Three months ago, Archbishop Nienstedt was cleared of an accusation of inappropriately touching a male minor’s posterior during a confirmation photo shoot in 2009. During that investigation, Archbishop Nienstedt removed himself from public ministry, but he returned after no charges were brought against him.
Late in 2013, around the time the first case was opened, allegations of inappropriate sexual conduct with seminarians, priests and other men came to light, including an accusation made by a former Twin Cities, Minn., priest. It prompted a new investigation and a statement released by the archbishop denying the claims.
“These allegations are absolutely and entirely false,” Archbishop Nienstedt said. “Nonetheless, I ordered Bishop Lee Piché to oversee an independent, thorough investigation and that he hire an outside firm unaffiliated with the archdiocese to conduct the investigation.”
According to a July 1 article in Commonweal magazine, the archdiocese opened an investigation in early 2014, after being informed that a former Twin Cities priest had accused Archbishop Nienstedt of making unwanted sexual advances.

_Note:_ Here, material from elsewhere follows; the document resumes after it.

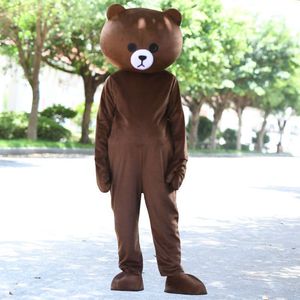 Costume da Mascotte Personalizzato <span class=keywords><strong>per</strong></span> Adulti, Simpatico Orso Marrone in Peluche <span class=keywords><strong>per</strong></span> Eventi Promozionali e Spettacoli Virali - Product Image 6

In a statement to Commonweal, the archbishop said the allegations are a “personal attack against me due to my unwavering stance on issues consistent with Church teaching, such as opposition to so-called same-sex marriage.”

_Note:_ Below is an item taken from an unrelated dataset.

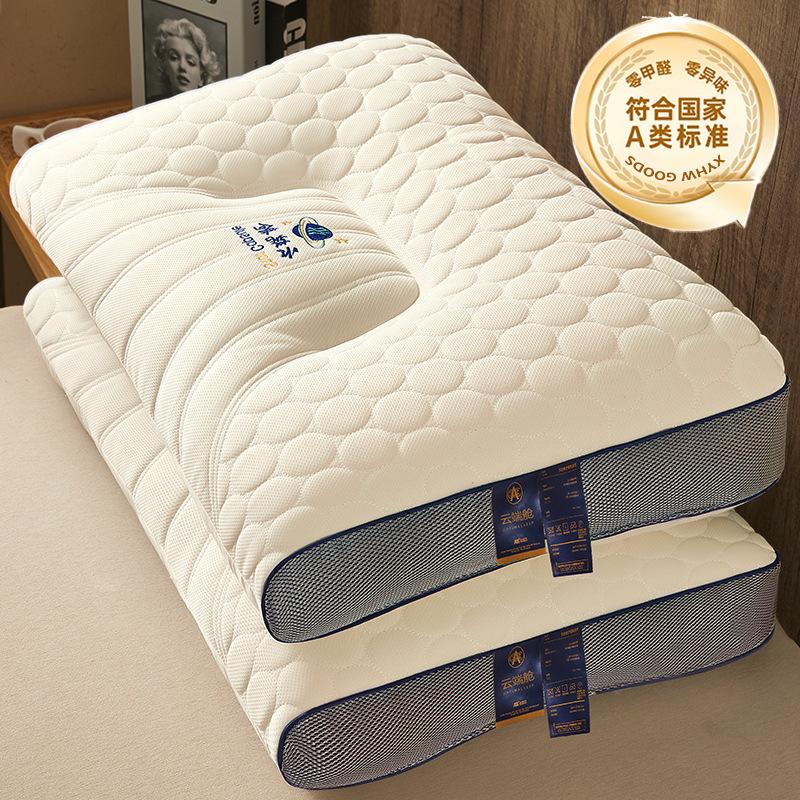 Cloud pod pillow space capsule pillow core antibacterial massage pillow a pair of home hotel dormitory student cervical spine protection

Following the archbishop’s orders, the archdiocese sought out a third-party attorney and hired the top-ranked Minneapolis firm of Greene Espel to investigate and interview his current and former associates and employees. Archbishop Nienstedt and Auxiliary Bishops Lee Piché and Andrew Cozzen flew to Washington to inform the apostolic nuncio, Archbishop Carlo Viganò, of the allegations before the investigation began.

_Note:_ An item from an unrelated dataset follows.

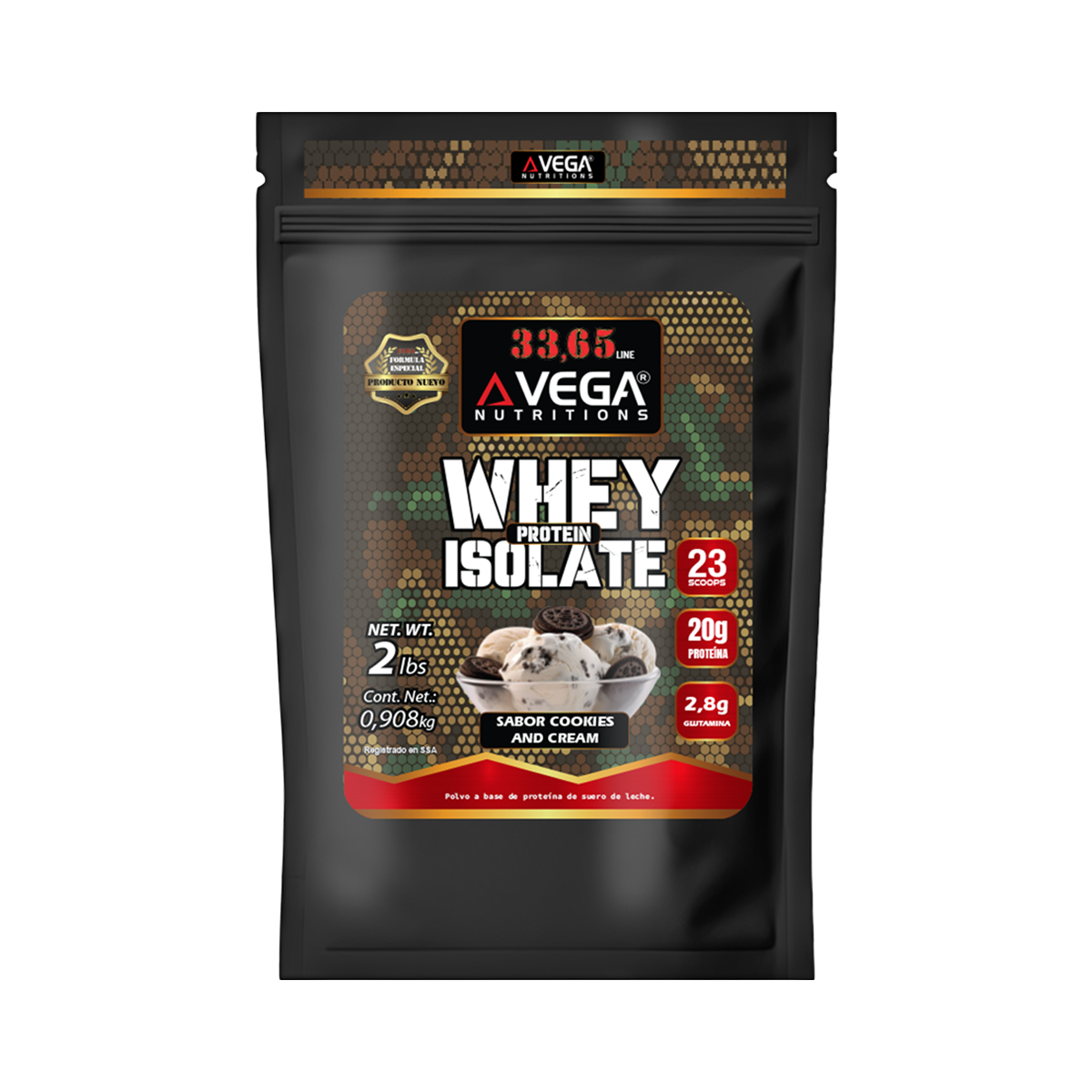 33,65 WHEY ISOLATE PROTEIN 2LB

“I have ordered that the investigation be conducted for the benefit of the archdiocese,” Archbishop Nienstedt said in a July 1 statement. “The archdiocese investigates all allegations of clergy misconduct. It would be unfair to ignore these allegations simply because I know them to be false.”
“Since I would instruct the archdiocese to investigate similar allegations made against any priest, I have ordered the archdiocese to independently investigate the allegations made against me,” he said.
The current accusations are alleged to be at least 10 years old and do not involve minors or any layperson, nor do they implicate any illegal or criminal behavior, according to Archbishop Nienstedt’s statement.
Once the investigation is complete, Greene Espel attorneys will compile a report that will be given to the archdiocese and Archbishop Viganò, the pope’s ambassador to the United States.
Archbishop Nienstedt said, “Let us pray that the truth would come out as a result of the investigation.”